What is the package dependency?

3 of 22

Risks of large dependency of a package P

1. Users have to install a lot of additional packages when installing P, which would bring the risk that installation failure of any upstream package stops the installation of P;

2. The number of packages loaded into the R session after loading P will be huge, which increases the difficulty to reproduce a completely same working environment on other computers;

3. Dependencies of P will spread to all its child packages;

4. On the platforms for continuous integration such as GitHub Action or Travis CI, automatic validation of P could easily fail due to the failures of its upstream packages.

4 of 22

Some repositories also report package dependencies

5 of 22

Question

Package P inherits all its dependencies from its parent packages, thus, to reducing the complexity of P’s dependencies, we need to answer the key question “which parent contributes high dependencies to its child package?”, or “which are the heaviest parents”?

We designed a new metric: “dependency heaviness” to quantitatively measure this effect.

6 of 22

Dependency categories of P

Strong parent packages: the packages listed in “Depends”, “Imports” and “LinkingTo”. Mandatory to be installed when installing P.

Weak parent packages: the packages listed in “Suggests” and “Enhances”. Optionally to be installed when installing P.

Strong dependency packages: the total packages by recursively looking for their parent packages. Mandatory to be installed when installing P.

7 of 22

Heaviness of a strong parent A on P

n1 is the number of strong dependencies of P;

n2 is the number of strong dependencies of P after changing A from a strong parent to a weak parent, i.e., moving A to “Suggests” of P;

Heaviness of A on P denoted as h = n1 - n2.

8 of 22

From the aspect of dependency network

Network only contains strong dependency relations.

n1: number of upstream nodes of P,

n2: number of upstream nodes of P by removing the edge of A -> P.

So the heaviness measures number of additionally unique dependencies brought by A and not by any other parent packages.

9 of 22

Heaviness of a weak parent B on P

n1 is the number of strong dependencies of P;

n2 is the number of strong dependencies of P after changing B from a weak parent to a strong parent, i.e., moving B to “Imports” of P.

Heaviness of B on P denoted as h = n2 - n1.

10 of 22

From the aspect of dependency network

Network only contains strong dependency relations.

n1: number of upstream nodes of P,

n2: number of upstream nodes of P by adding the edge of B -> P.

11 of 22

Dependency heatmap: visualizing the dependencies

12 of 22

Usage

13 of 22

Usefulness of the dependency heaviness analysis

Provides hints for reducing the complexity of strong package dependencies.

Heavy strong parents -> weak parents

Of course, how to optimize the dependency depends on the specific use of parent packages in the corresponding package.
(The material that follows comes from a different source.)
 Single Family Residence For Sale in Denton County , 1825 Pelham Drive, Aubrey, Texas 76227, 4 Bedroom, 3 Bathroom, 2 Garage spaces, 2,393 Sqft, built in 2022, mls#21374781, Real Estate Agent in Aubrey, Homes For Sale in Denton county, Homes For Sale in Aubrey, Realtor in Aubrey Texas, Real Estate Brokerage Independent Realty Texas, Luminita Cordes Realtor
But here we can give three general examples of how to reduce the dependency complexity based on heaviness analysis.

14 of 22

Example 1. the mapStats package

An extremely heavy parent Hmisc can be observed where Hmisc has a heaviness of 49.

15 of 22

Example 1. the mapStats package

The 49 additional dependencies imported from Hmisc can be avoided by simply reimplementing a function capitalize() by developer’s own.

16 of 22

Example 2. the ComplexHeatmap package

17 of 22

Example 2. the ComplexHeatmap package

We moved some heavy parents, which only provide enhanced functionalities for ComplexHeatmap but are not expected to be frequently used, to “Suggests”, such as

  1. the package dendextend (contributing a heaviness of 32) which is only used for coloring dendrogram branches;
  2. the package gridtext (contributing a heaviness of 14) which is only for customizing text formats in heatmaps.
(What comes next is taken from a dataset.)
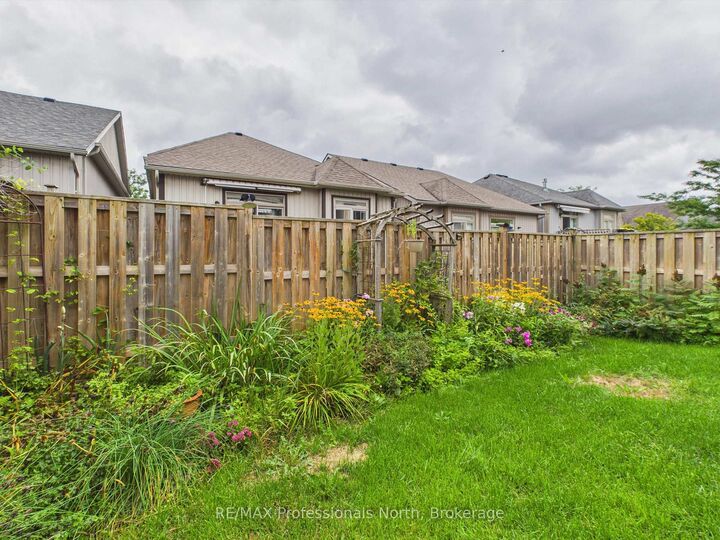 Property Photo:  35 Canterbury Circle  ON L3V 0C9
These two packages are only required when the corresponding functionalities are used by users.

18 of 22

Example 3. the cola package

A typical example of bioinformatics R packages which integrated many analysis from many other packages.

19 of 22

Example 3. the cola package

cola performs consensus clustering as its core analysis which is expected to be very frequently used by users.

It also provides other downstream/secondary analysis such as functional enrichment analysis which are expected to be less used.

Thus, some heavy packages only for secondary analysis are moved to “Suggests”: For example,

  • package clusterProfiler which is for functional enrichment analysis contributes a heaviness of 91;
  • package ReactomePA which provides Reactome pathways for enrichment analysis contributes a heaviness of 94.

20 of 22

Other ways to reduce dependency complexity

  1. Directly copy code from heavy parents. This approach is of course NOT recommended from the aspect of software engineering, but actually it is widely used in CRAN packages. (https://doi.org/10.1109/IWSC.2015.7069885)
  2. Try to separate a large package into several smaller packages which focus on more specific tasks.

To reduce dependency from weak parents

  1. Do not make the corresponding code runnable and put weak parents to “Enhances”.
  2. More complex vignettes can be served separately while not being shipped with the package.

21 of 22

Future plans

We are planning to perform systematic analysis on CRAN/Bioconductor package ecosystems:

  1. how dependency heaviness spreads from parents to child packages and what are the heaviest parent packages?
  2. how dependency heaviness spreads from long-range upstream to downstream packages and what are the “core paths” that spread the dependency heaviness?

Partially done with the function pkgndep:::dependency_website().

22 of 22

Thank you and questions!